А они знают, потому что от этого зависит их жизнь.
Они знают, на какой тропинке и кто кладет отравленные шипы, где закопан топор.
Откуда же взялось столько племен? В самой Африке сто пятьдесят лет тому назад их было десять тысяч. Достаточно пройтись по дороге: в первой деревне - племя тулама, но уже в следующей - другое племя, аруси. По одной стороне реки - мурле, а по другой - топота. На вершине горы живет одно племя, а у подножья - совсем другое.
У каждого свой язык, свои обычаи, свои боги.
Как это получилось?
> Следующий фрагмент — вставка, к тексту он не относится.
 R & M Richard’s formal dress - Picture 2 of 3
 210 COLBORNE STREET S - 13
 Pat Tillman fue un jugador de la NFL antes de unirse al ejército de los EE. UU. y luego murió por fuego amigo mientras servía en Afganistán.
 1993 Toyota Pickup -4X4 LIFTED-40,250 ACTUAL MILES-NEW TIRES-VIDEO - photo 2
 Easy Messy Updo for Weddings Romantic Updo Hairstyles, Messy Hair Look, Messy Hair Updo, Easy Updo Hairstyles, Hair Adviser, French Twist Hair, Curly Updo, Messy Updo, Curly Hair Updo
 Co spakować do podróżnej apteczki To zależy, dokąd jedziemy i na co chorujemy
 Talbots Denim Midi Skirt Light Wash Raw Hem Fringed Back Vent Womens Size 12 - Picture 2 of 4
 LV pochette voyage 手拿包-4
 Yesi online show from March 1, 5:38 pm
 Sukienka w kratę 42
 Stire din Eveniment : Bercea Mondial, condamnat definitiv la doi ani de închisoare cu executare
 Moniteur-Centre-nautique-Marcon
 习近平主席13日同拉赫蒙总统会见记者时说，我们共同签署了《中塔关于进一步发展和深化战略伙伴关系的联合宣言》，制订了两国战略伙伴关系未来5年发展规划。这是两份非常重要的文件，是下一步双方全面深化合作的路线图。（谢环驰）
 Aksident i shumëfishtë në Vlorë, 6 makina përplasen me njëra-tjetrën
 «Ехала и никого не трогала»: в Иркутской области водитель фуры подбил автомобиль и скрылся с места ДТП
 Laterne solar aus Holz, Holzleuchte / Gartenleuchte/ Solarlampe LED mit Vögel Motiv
Как родилась эта неслыханная разнородность, такое неимоверное богатство? С чего все началось? Когда? Где? Этнографы говорят, что началось все с какой-то маленькой группы. Возможно, с нескольких групп, каждая из которых насчитывала тридцать-пятьдесят человек. Если бы численность группы была меньше, она не смогла бы прокормиться. Я сам видел в Восточной Африке два племени, в каждом из которых было не более ста человек.
Ну хорошо, тридцать-пятьдесят человек. Таков зачаток племени. Но почему этот зачаток, зародыш должен сразу обрести свой язык?
Как вообще человеческий ум мог придумать такое безумное количество языков?
Каждый с собственным словарем, грамматикой, флексиями и так далее? Можно понять, что большой, миллионный народ общими усилиями придумал для себя язык. Но здесь, в африканском буше, речь идет о малых племенах, которые существуют на краю жизни, едва-едва, ходят босые и вечно голодные, однако при этом им присущи некие амбиции, они наделены достаточными способностями, воображением, звуковой чувствительностью и памятью, чтобы придумать себе язык - отдельный, собственный, только для себя.
Впрочем, не только язык. Потому что одновременно, с самого начала существования они начинают придумывать себе богов. Каждое племя своих собственных - единственных, незаменимых. И почему они начинают не с одного бога, а сразу с нескольких?
Почему человечество должно прожить тысячи и тысячи лет, чтобы дозреть до идеи единого бога?
Почему эта идея не появляется сразу?